The stairs down to Underground Level 10 weren't designed for people. They were too narrow, too steep, cut straight into concrete that sweated under the building's heat. Rathod felt it the moment her boots crossed the threshold a pressure change, like stepping into a lung that didn't want to breathe. The air was warmer here, thick with a low mechanical hum that vibrated through bone. Sodium lights flickered overhead, casting everything in sickly amber. Exposed pipes ran along the ceiling, dripping condensation onto the floor in a slow, steady rhythm.

"This place is still powered," one of her officers muttered, adjusting his grip. "Why keep an underground level hot?"

Rathod didn't answer. She already knew the kind of work that needed warmth.

They reached the final landing and spread out, rifles low but ready. No polished chrome. No glass walls. Just concrete, steel doors, and the smell of antiseptic layered over something burnt and organic. A corridor opened ahead, long and straight, with a single security checkpoint at the far end.

Movement.

"Contact," Rathod said quietly.

The guards came out firing panicked, inaccurate bursts from men who knew this level wasn't supposed to be breached. Rathod's team responded without shouting. Smoke deployed low and fast, filling the corridor in seconds. Two officers slid forward on one knee, staggered fire punching holes through visibility rather than bodies. Another flanked wide, boots splashing through pooled water as he took a guard down with the butt of his rifle.

Then the REACTOR unit stepped out of the smoke.

It was damaged one arm hanging wrong, the glow in its suit uneven and flickering but it was still enormous.
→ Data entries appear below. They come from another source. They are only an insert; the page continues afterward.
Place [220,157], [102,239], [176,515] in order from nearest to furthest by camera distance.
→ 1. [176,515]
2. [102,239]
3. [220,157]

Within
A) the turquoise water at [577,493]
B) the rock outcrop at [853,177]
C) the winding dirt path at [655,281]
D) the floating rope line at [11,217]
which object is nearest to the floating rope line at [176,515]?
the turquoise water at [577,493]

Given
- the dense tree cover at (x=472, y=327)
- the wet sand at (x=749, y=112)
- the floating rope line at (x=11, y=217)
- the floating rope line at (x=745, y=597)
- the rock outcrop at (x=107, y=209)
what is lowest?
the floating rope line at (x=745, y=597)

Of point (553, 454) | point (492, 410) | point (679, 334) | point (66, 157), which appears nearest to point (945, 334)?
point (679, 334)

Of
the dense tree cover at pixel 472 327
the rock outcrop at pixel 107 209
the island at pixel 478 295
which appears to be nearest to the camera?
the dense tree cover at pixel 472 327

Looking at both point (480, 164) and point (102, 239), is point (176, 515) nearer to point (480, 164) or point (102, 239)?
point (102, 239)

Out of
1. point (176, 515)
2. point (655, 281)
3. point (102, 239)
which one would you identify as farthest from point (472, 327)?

Its first step cracked tile. Its second crushed a fallen guard without noticing.

"Legs," Rathod ordered. "Joint shots only."
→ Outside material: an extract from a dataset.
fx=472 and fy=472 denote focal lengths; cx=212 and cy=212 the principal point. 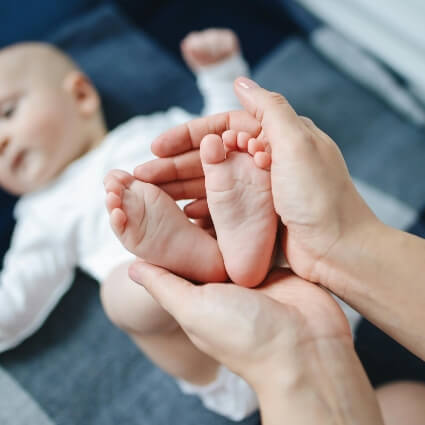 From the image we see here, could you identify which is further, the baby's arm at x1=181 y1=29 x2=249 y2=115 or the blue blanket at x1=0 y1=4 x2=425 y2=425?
the baby's arm at x1=181 y1=29 x2=249 y2=115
Pulse rounds slammed into the suit's knee actuators. The unit staggered, swung wildly, clipped a pipe. Steam exploded into the corridor. Rathod moved in close, planted a magnetic charge against the suit's exposed backplate, and shoved off just as it detonated.

The REACTOR unit collapsed forward with a sound like a dropped engine block.
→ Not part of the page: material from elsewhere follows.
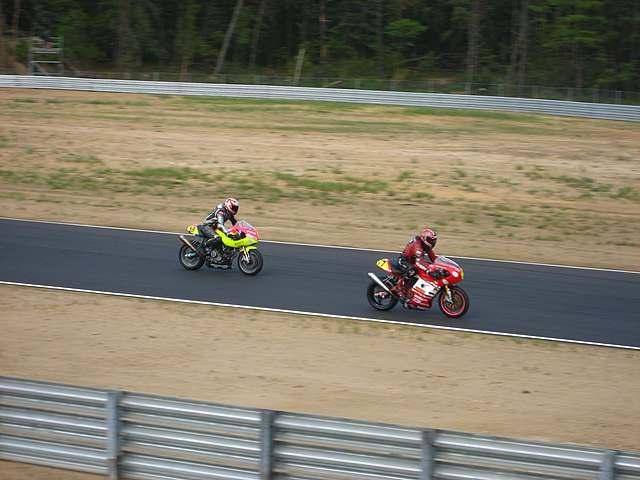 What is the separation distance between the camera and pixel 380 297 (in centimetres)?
1526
Silence followed, broken only by the hiss of steam and the soft cough of smoke filters cycling down.

"Clear," someone said.

Rathod nodded once and pushed forward.

The containment wing was behind a reinforced door marked with a number stenciled and re-stenciled until it looked scrubbed away. The lock yielded after thirty seconds of manual override. When the door slid open, the smell changed immediately.

Not rot. Not blood.

Sterile. Cold. Clinical.

Rows of glass cells lined the chamber, stacked two high like aquariums. Inside them were people.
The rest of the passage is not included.